Arab League chief calls on Iran to ‘reverse course’ after tanker attacks
Ahmed Aboul Gheit warns Iranians against escalation with US, says determination of who was behind incident ‘only a matter of time’
The head of the Arab League on Friday warned Iran against escalation with the United States, and noted the conflicting reports on Thursday’s alleged attacks against a pair of tankers off Iran’s coast.
“My call to my Iranian — and I call them Iranian brothers: Be careful and reverse course because you’re pushing everybody towards a confrontation that no one would be safe if it happens,” Ahmed Aboul Gheit said after meeting with UN Secretary General Antonio Guterres at the UN headquarters in New York.
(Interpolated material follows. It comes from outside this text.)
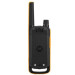 Motorola Портативна рація Motorola TALKABOUT T82 Extreme Quad Yellow Black (5031753007218)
Aboul Gheit, the secretary general of the pan-Arab bloc, addressed the conflicting claims of responsibility for the attack on two ships near the strategic Strait of Hormuz. The US said Iran is responsible for the attack, a charge Tehran denies.
“We believe that responsibilities need to be clearly defined,” Aboul Gheit said. “The facts will be revealed, I am sure, it’s only a matter of time.”
Tensions between Washington and Tehran have skyrocketed following the incident.
On Friday, US President Donald Trump blamed Iran for the sabotage, calling the country “a nation of terror” and saying the attack had “Iran written all over it.”
Calling into “Fox & Friends” Friday, Trump said of the attacks, “Iran did do it.” He cited video purporting to show an Iranian boat removing what the US says is an unexploded mine from one of the vessels.
“You know they did it because you saw the boat,” Trump said. “I guess one of the mines didn’t explode and it’s probably got essentially Iran written all over it.”
A US official told CNN on Friday that Iranian forces in the Gulf of Oman fired a missile at a US drone hours before the alleged attack. The drone had spotted Iranian boats approaching the tankers before the sabotage occurred. The surface-to-air missile launched at the drone missed its target and fell into the sea, the official said.
The US military on Friday released a video it said shows Iran’s Revolutionary Guard removing an unexploded limpet mine from one of the oil tankers, suggesting the Islamic republic sought to remove evidence of its involvement from the scene.
The black-and-white footage, as well as still photographs released by the US military’s Central Command on Friday, appeared to show the limpet mine on the Japanese-owned Kokuka Courageous.
The ships’ operators offered no immediate explanation on who or what caused the damage against the Norwegian-owned MT Front Altair and the Kokuka Courageous. Each was loaded with petroleum products, and the Front Altair burned for hours, sending up a column of thick, black smoke.
The suspected attacks occurred at dawn Thursday about 40 kilometers (25 miles) off the southern coast of Iran. The Front Altair, loaded with the flammable hydrocarbon mixture naphtha from the United Arab Emirates, radioed for help as it caught fire. A short time later, the Kokuka Courageous, loaded with methanol from Saudi Arabia and Qatar, also called for help. The US Navy rushed to assist the stricken vessels.
Tehran’s foreign minister Mohammad Javad Zarif on Friday fired back at Washington, accusing the US, Israel and Saudi Arabia of a plot to “sabotage diplomacy,” and appeared to insinuate that those countries were behind the assaults.
Iran earlier denied involvement via a statement from its mission to the United Nations.
“The US economic war and terrorism against the Iranian people as well as its massive military presence in the region have been and continue to be the main sources of insecurity and instability in the wider Persian Gulf region and the most significant threat to its peace and security,” the statement said.
Thursday’s attack resembled that of an attack in May targeting four oil tankers off the Emirati port of Fujairah. US officials similarly accused Iran of targeting the ships with limpet mines, which are magnetic and attach to the hulls of a ship. The mines disable, but don’t sink, a vessel.
US Secretary of State Mike Pompeo told journalists on Thursday that the US assessment of Iran’s involvement was based in part on intelligence, as well as the expertise needed for the operation.
It was also based on recent incidents in the region, which the US also blamed on Iran, including the use of limpet mines in the Fujairah attack, Pompeo said. He also tied Iran to a drone attack by Yemen’s Iranian-backed Houthi rebels on a crucial Saudi oil pipeline around the same time.
Tensions have escalated in the Mideast as Iran appears poised to break the 2015 nuclear deal with world powers, an accord that Trump repudiated last year. In the deal, Tehran agreed to limit its enrichment of uranium in exchange for the lifting of crippling sanctions.
Now, Iran is threatening to resume enriching uranium closer to weapons-grade levels if European nations don’t offer it new terms to the deal by July 7.
Already, Iran said it has quadrupled its production of low-enriched uranium. Meanwhile, US sanctions have cut off opportunities for Iran to trade its excess uranium and heavy water abroad, putting Tehran on course to violate terms of the nuclear deal regardless.